Pangeran Antasari
Pangeran Antasari lahir di Kayu
Tangi, Kesultanan Banjar tahun 1797. Pangeran Antasari adalah seorang pemimpin
dan tokoh penting dalam perang Banjar. Sebagai Sultan Banjar, pada 14 Maret
1862 dia dinobatkan sebagai pimpinan pemerintahan tertinggi di Kesultanan
Banjar (Sultan Banjar) dengan menyandang gelar Penembahan Amiruddin Khalifatul
Mukminin dihadapan para kepala suku Dayak dan Adipati (Gubernur) penguasa
wilayah Dusun Atas, Kapuas dan Kahayan yaitu Tumenggung Surapati/Tumenggung
Yang Pati Jaya Raja.
Perlawanan Terhadap
Belanda
Perang Banjar pecah saat Pangeran Antasari dengan 300
prajuritnya menyerang tambang batu bara milik Belanda di Pengaron tanggal 25 April 1859. Selanjutnya peperangan demi peperangan
dikomandoi Pangeran Antasari di seluruh wilayah Kerajaan Banjar. Dengan dibantu
para panglima dan pengikutnya yang setia, Pangeran Antasari menyerang pos-pos
Belanda di Martapura, Hulu Sungai, Riam Kanan, Tanah Laut,
Tabalong, sepanjang sungai Barito sampai ke Puruk Cahu.
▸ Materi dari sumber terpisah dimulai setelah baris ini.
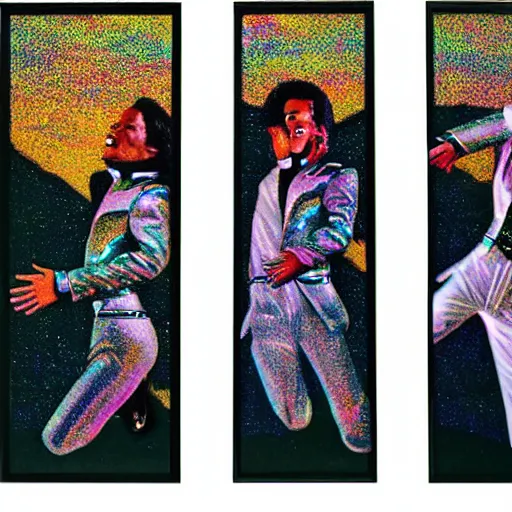 Image similar to holographic triptych depicting the emancipation of michael jackson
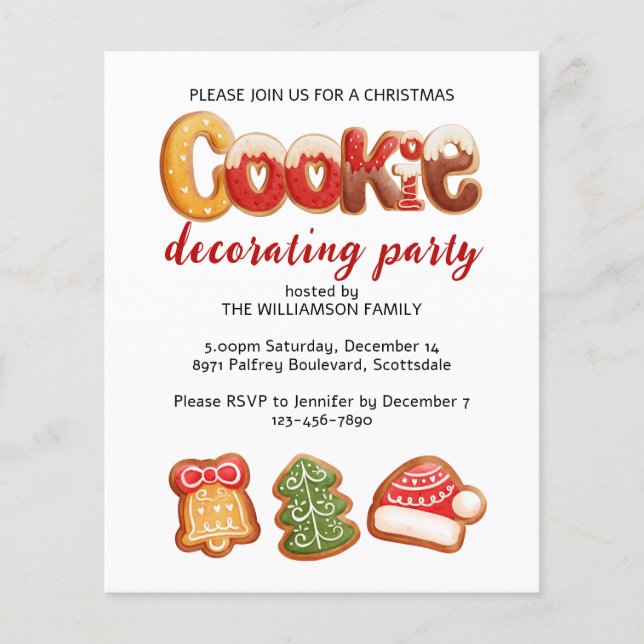 Papier Invitation de Noël Cookie Party (Devant)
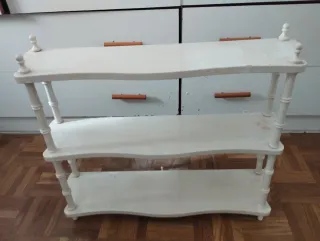 Estantería de madera blanca 2 baldas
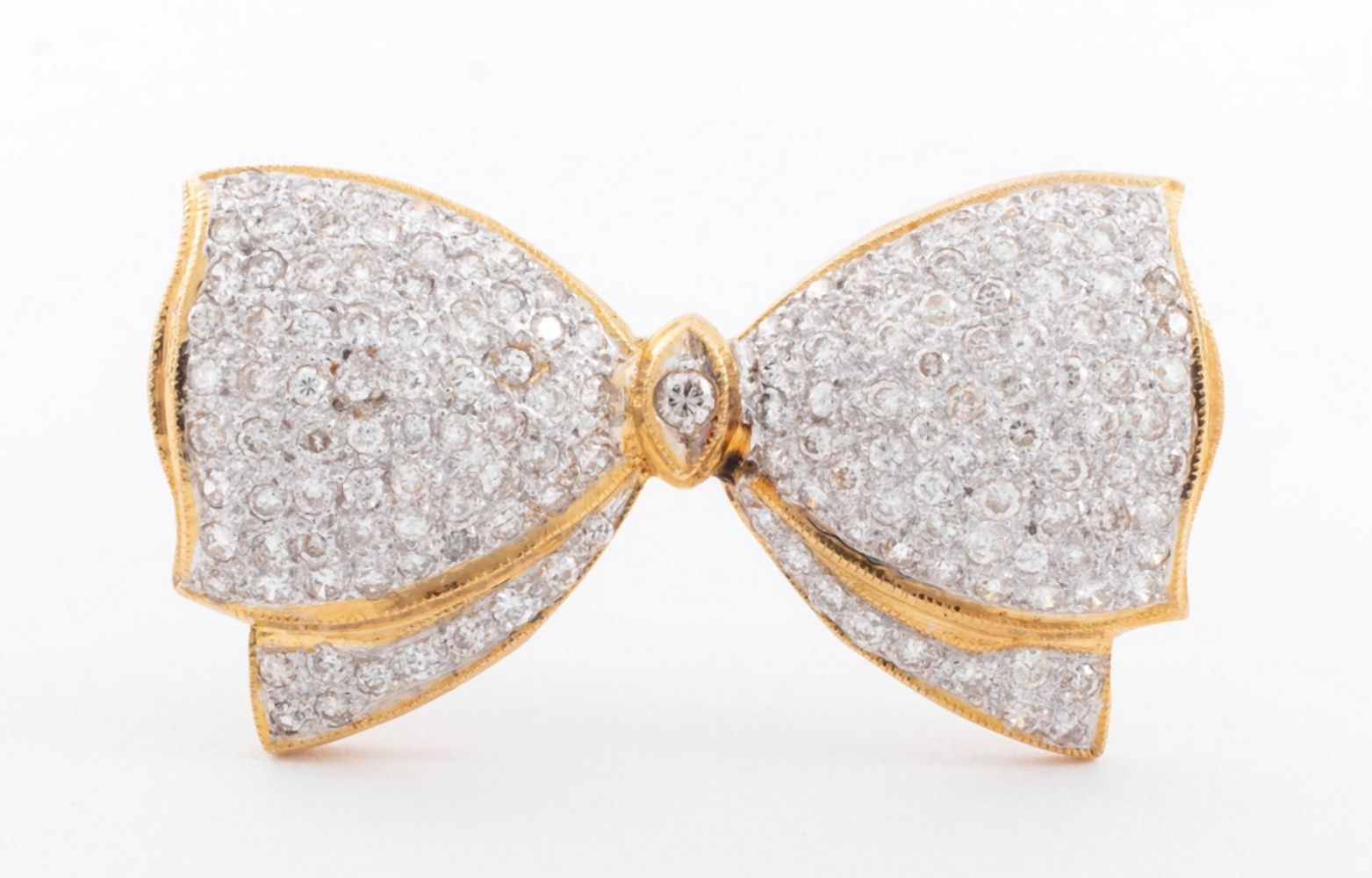 14K YELLOW GOLD DIAMOND BOW PIN 14K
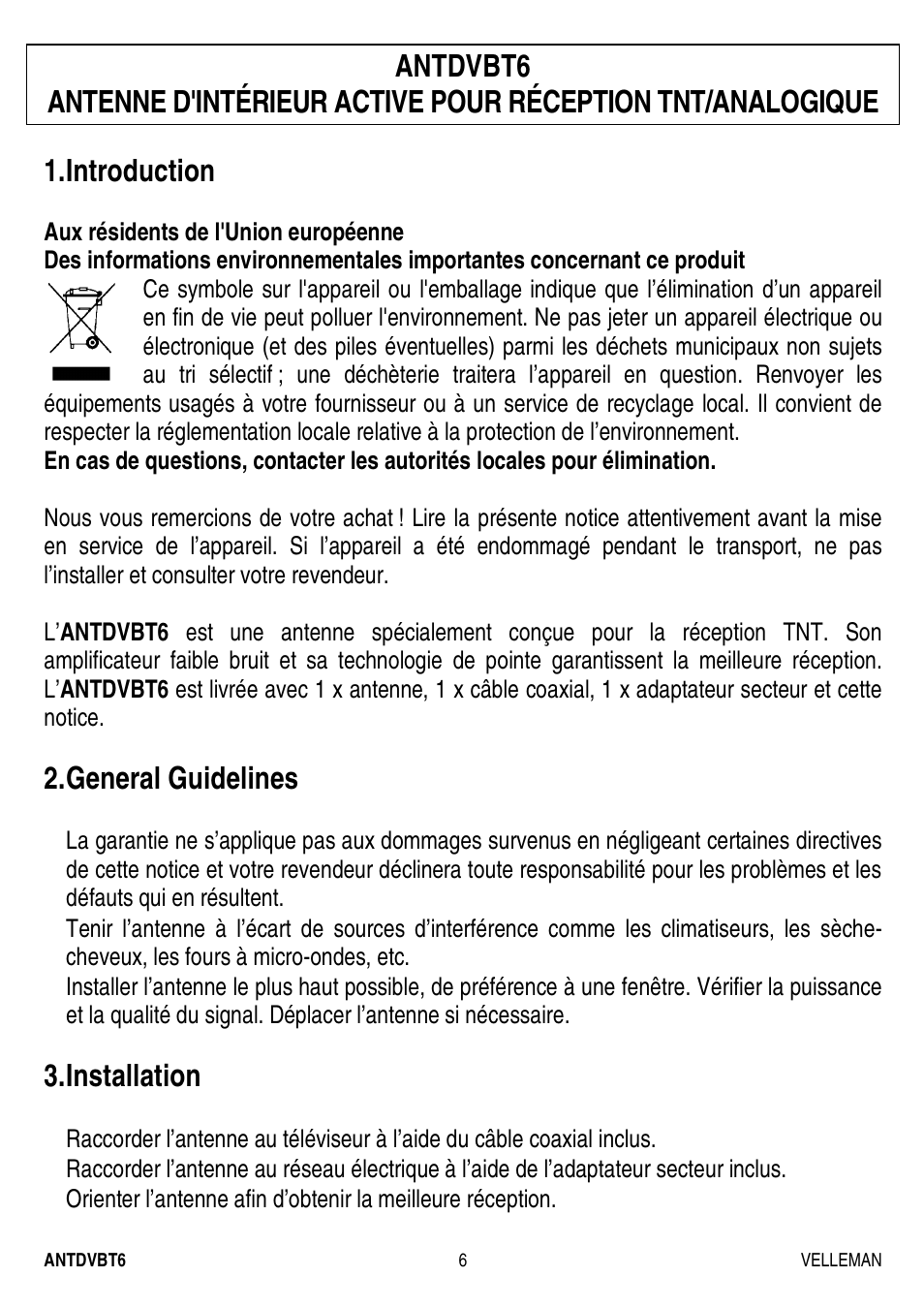 Introduction, General guidelines, Installation | Velleman ANTDVBT6 User Manual | Page 6 / 12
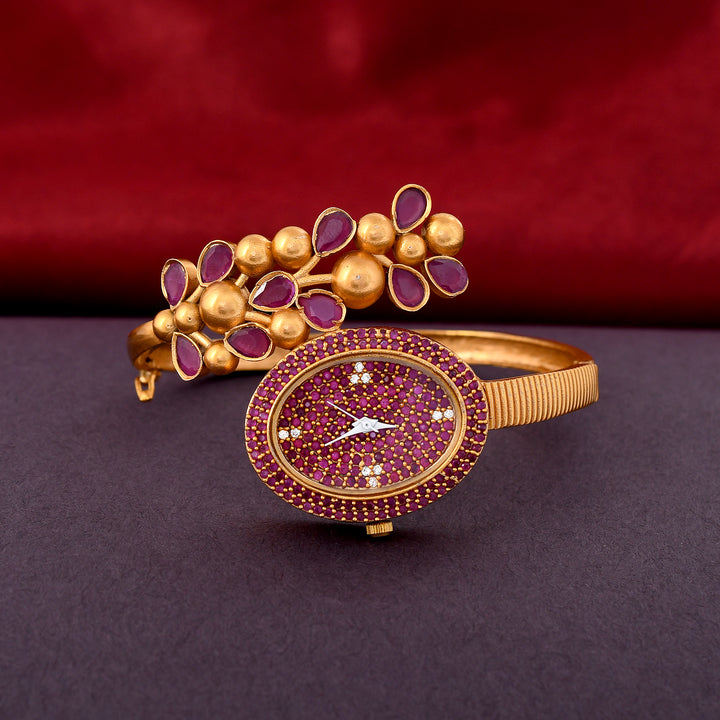 Gold Plated Zircon Watch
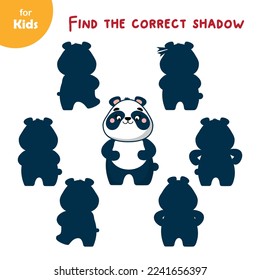 Mini juego para niños, encuentra la sombra correcta. Buen panda. Educación preescolar
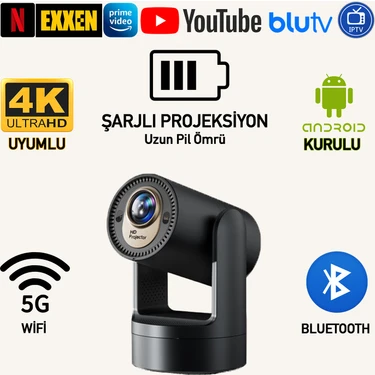 Robeve Kalobee Şarjlı Akıllı Mini Projektör Şarjlı Projeksiyon Cihazı - Android Kurulu, 4K/1080P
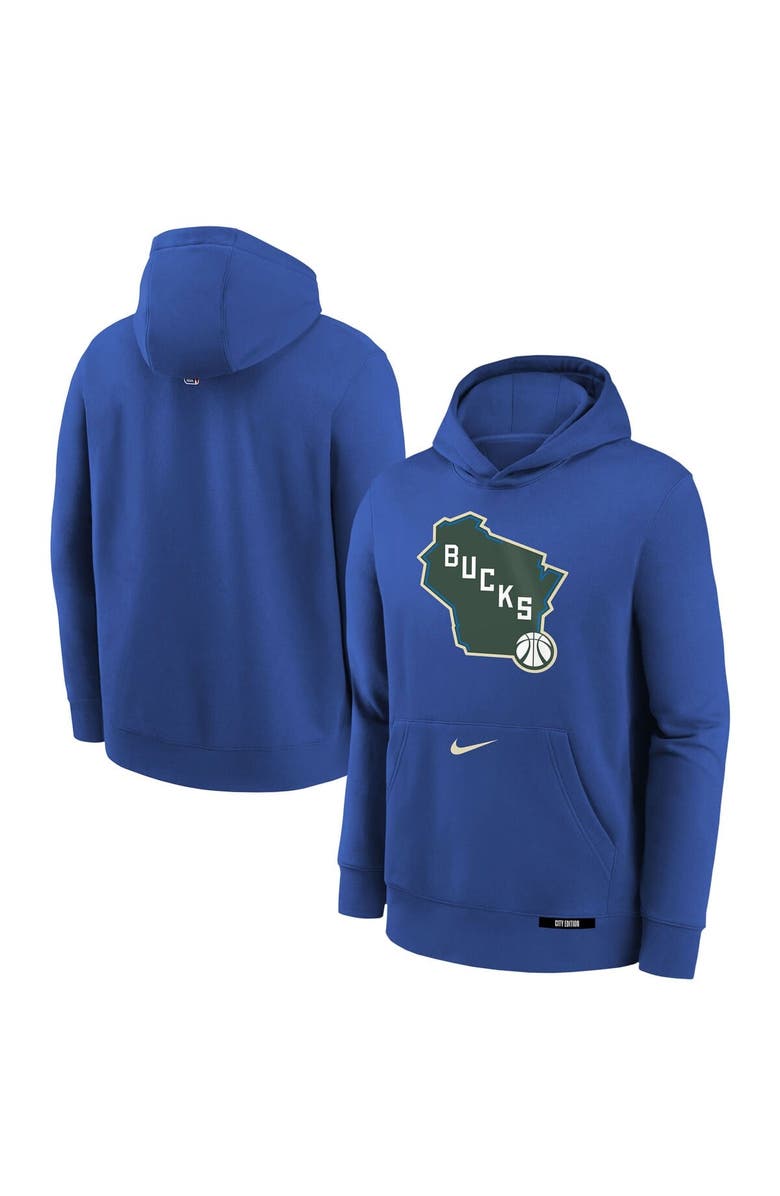 Nike Youth Nike  Royal Milwaukee Bucks 2024/25 City Edition Club Fleece Pullover Hoodie, Main, color, 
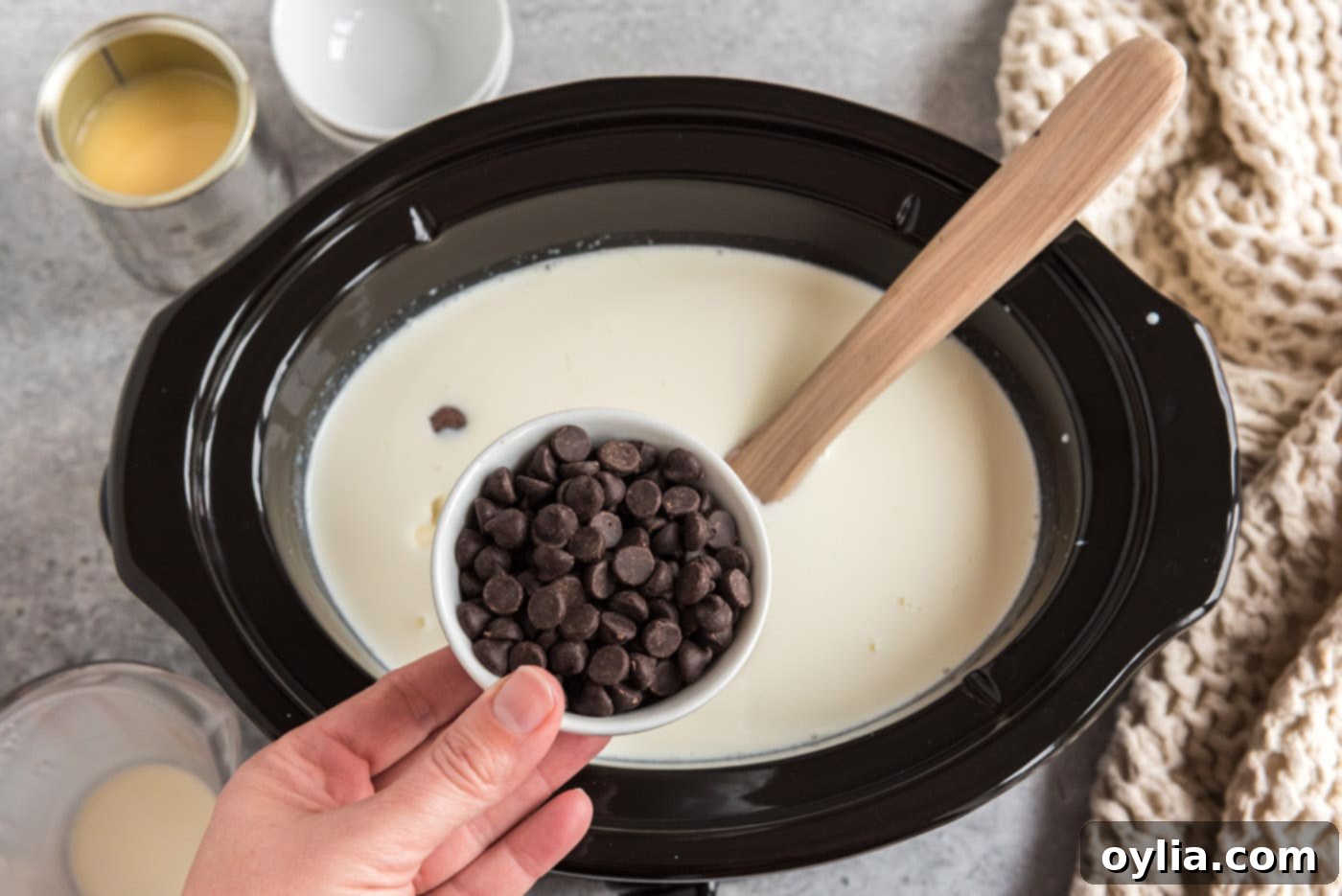 dark chocolate chips added to crockpot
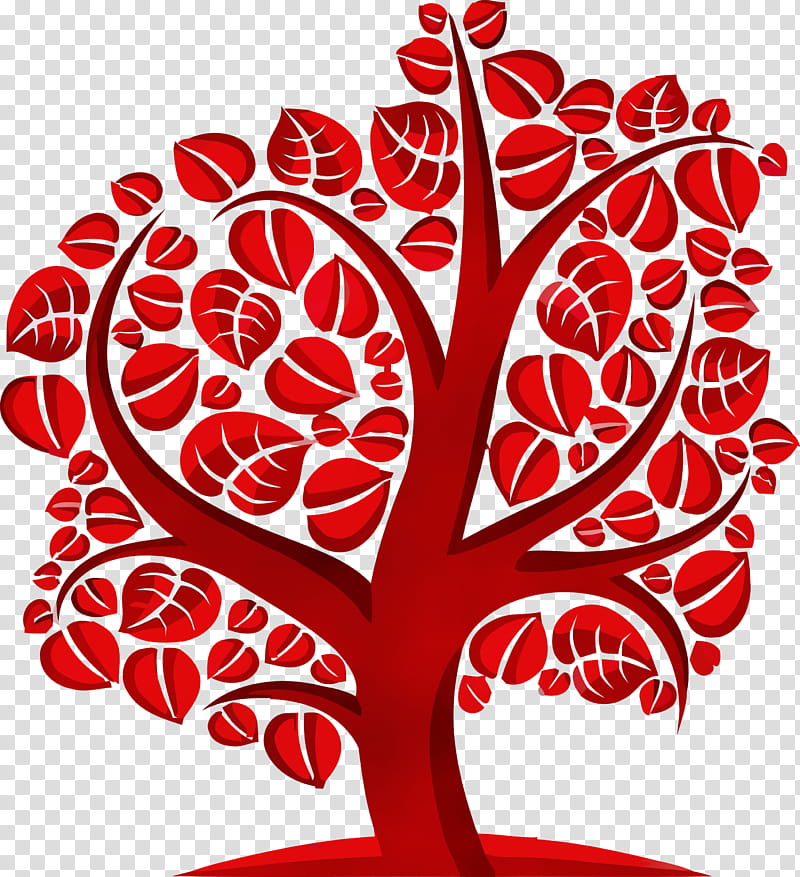 red leaf plant tree heart, Tu Bishvat Tree, Cartoon Tree, Abstract Tree, Watercolor, Paint, Wet Ink, Pedicel transparent background PNG clipart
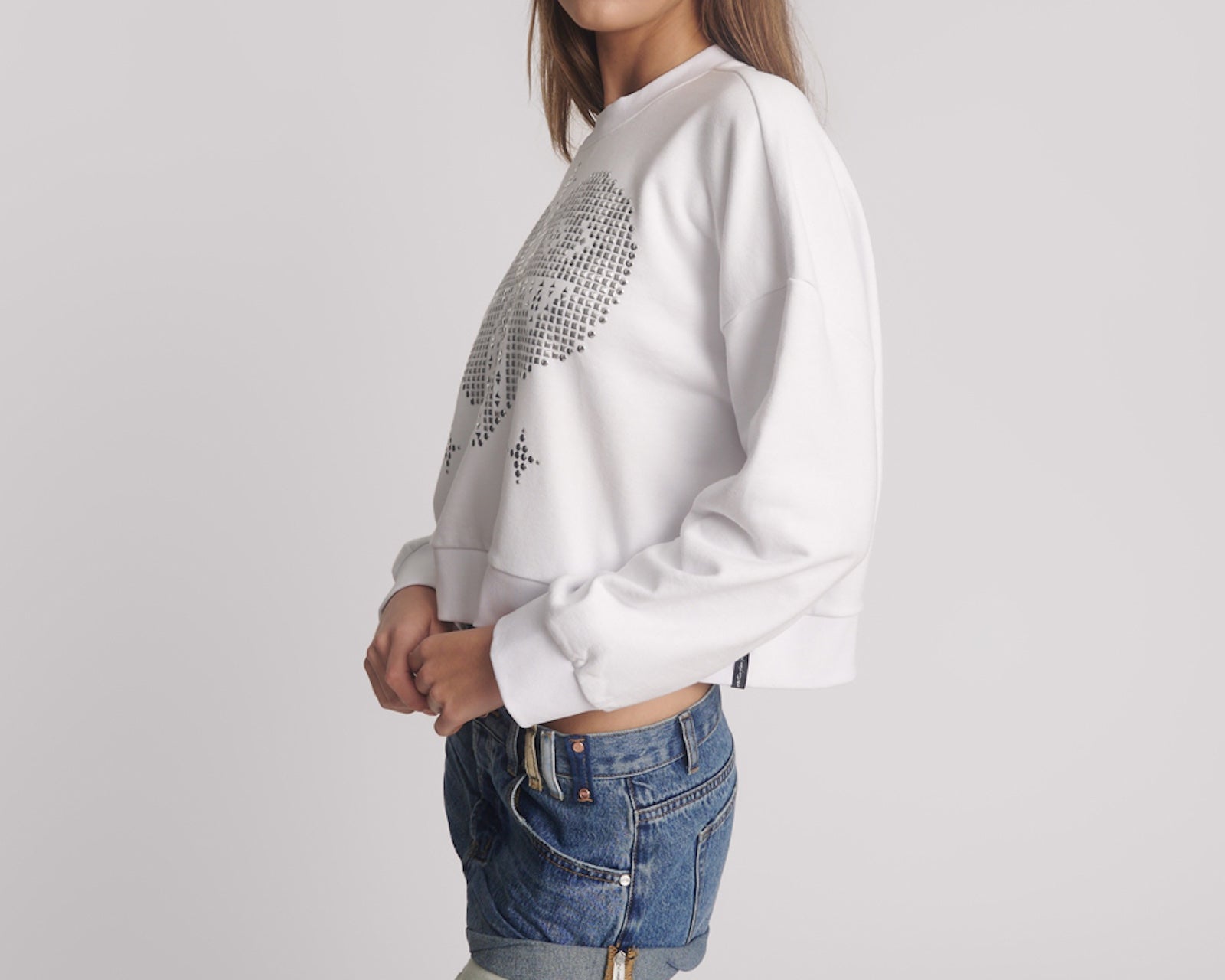Studded Heart Cropped Sweater - White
Pertempuran yang berkecamuk
makin sengit antara pasukan Pangeran Antasari dengan pasukan Belanda,
berlangsung terus di berbagai medan. Pasukan Belanda yang ditopang oleh bala
bantuan dari Batavia dan persenjataan modern, akhirnya berhasil mendesak terus
pasukan Pangeran Antasari. Dan akhirnya Pangeran Antasari memindahkan pusat
benteng pertahanannya di Muara Teweh.
Monumen
Perang Banjar yang dibangun pemerintah Hindia Belanda untuk mengenang
tentaranya yang tewas.
Berkali-kali Belanda
membujuk Pangeran Antasari untuk menyerah, namun dia tetap pada pendiriannya.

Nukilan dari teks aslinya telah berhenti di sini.